Sometimes I had to wipe her bottom and gungy tail
with wettex, warm water, a dash of Pine-O-Clean,
holding down her frail, bony side as she yowled.
The kitchen often kicked with a pungent snort of urine.
For the discharge of mucus, I’d prise her mouth to pop
orange chloramphenicol pills twice a day that she’d resist
tooth and claw.
Her walk deteriorated into a wobble:
instead of turning corners, her hind legs trotted straight
on,
her tail curving away to one side, like a limp cucumber.

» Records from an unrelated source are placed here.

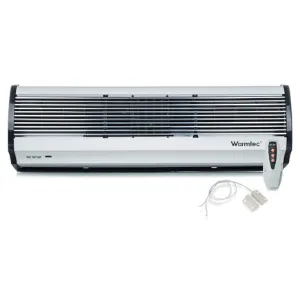 Obrazek Kurtyna powietrzna WRMS06+ 2-6kW + czujnik drzwiowy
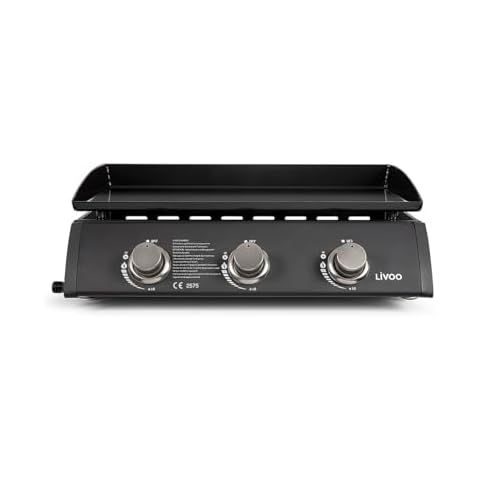 Livoo Plancha au Gaz DOC277 Cover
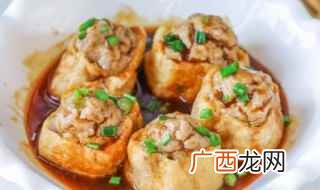 豆腐酿做法 油豆腐和水豆腐的豆腐酿做法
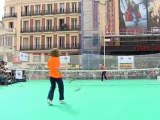 Sharapova convierte Callao en una pista de tenis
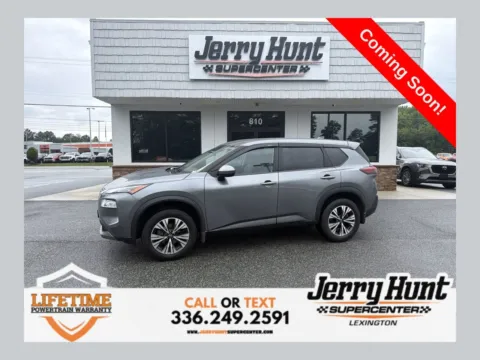Gray 2023 Nissan Rogue SV for sale in Lexington, NC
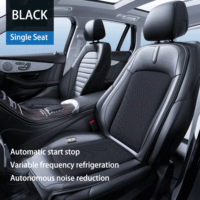 Car Mounted Summer Ventilated Seat Pads  Ice Silk Cooling Blow Air Cushion Backrest 2024New Ventilation Massage Car Seat Cushion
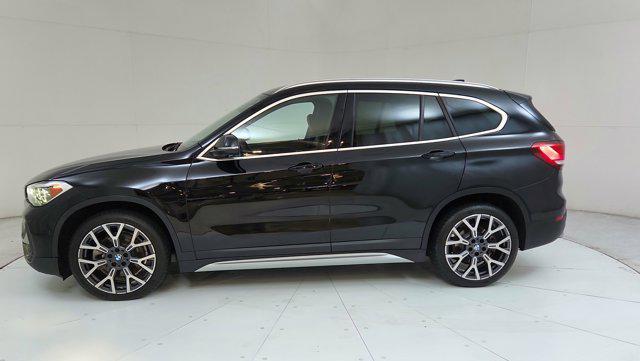 used 2021 BMW X1 car, priced at $23,000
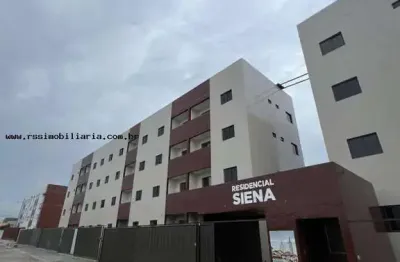 Res. siena apartamento á venda, novo geisel, joão pessoa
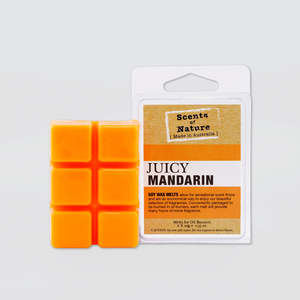 Melts Warmers: Tilley - Juicy Mandarin Square Soy Wax Melts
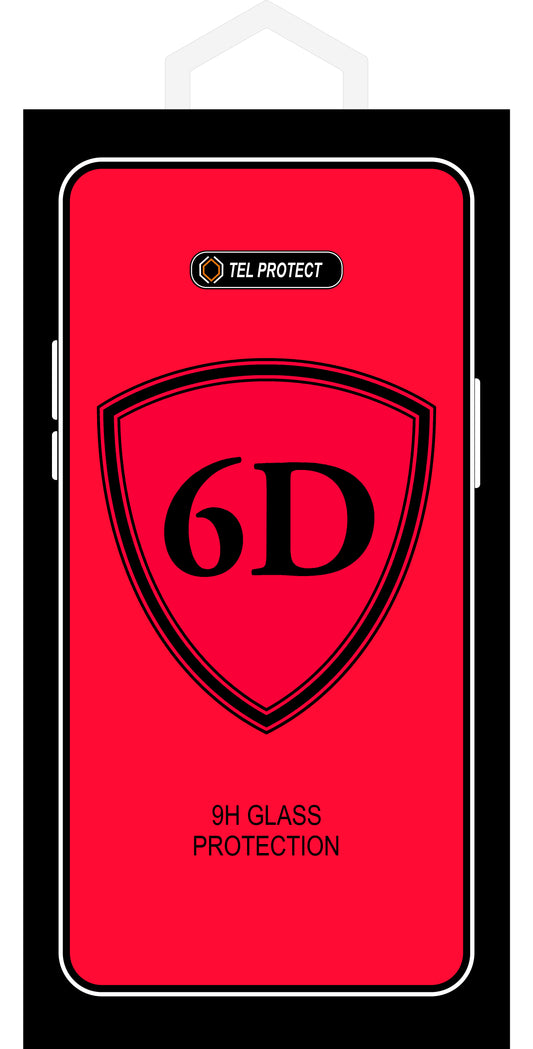 OEM zaščitna folija za zaslon za Samsung Galaxy A51 5G A516 / A51 A515, kaljeno steklo, polno lepilo, 6D, črna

On New Year’s Eve, family duty called me to Warrnambool.
But how could I enjoy my stay, how to relax into social
ease?
Would the old lady cope with the heat, the isolation, the
outdoor life?
I took my leave homeward bound prematurely,
anxious for her trill of welcome at the humming of my car,
her rolling gait as she hightailed down to insinuate her
arched back,
her desperate clambering to cling onto my shoulder for a
garden stroll.
Too late - some blasted neighbours had shovelled her up,
dumped her in my garbage bin.
bloody flies everywhere we
had to do summat
not very hygienic, I know we
did what we could
nuh, mate, never stopped bastard
never stopped
least the native birds'll get a fair go, eh?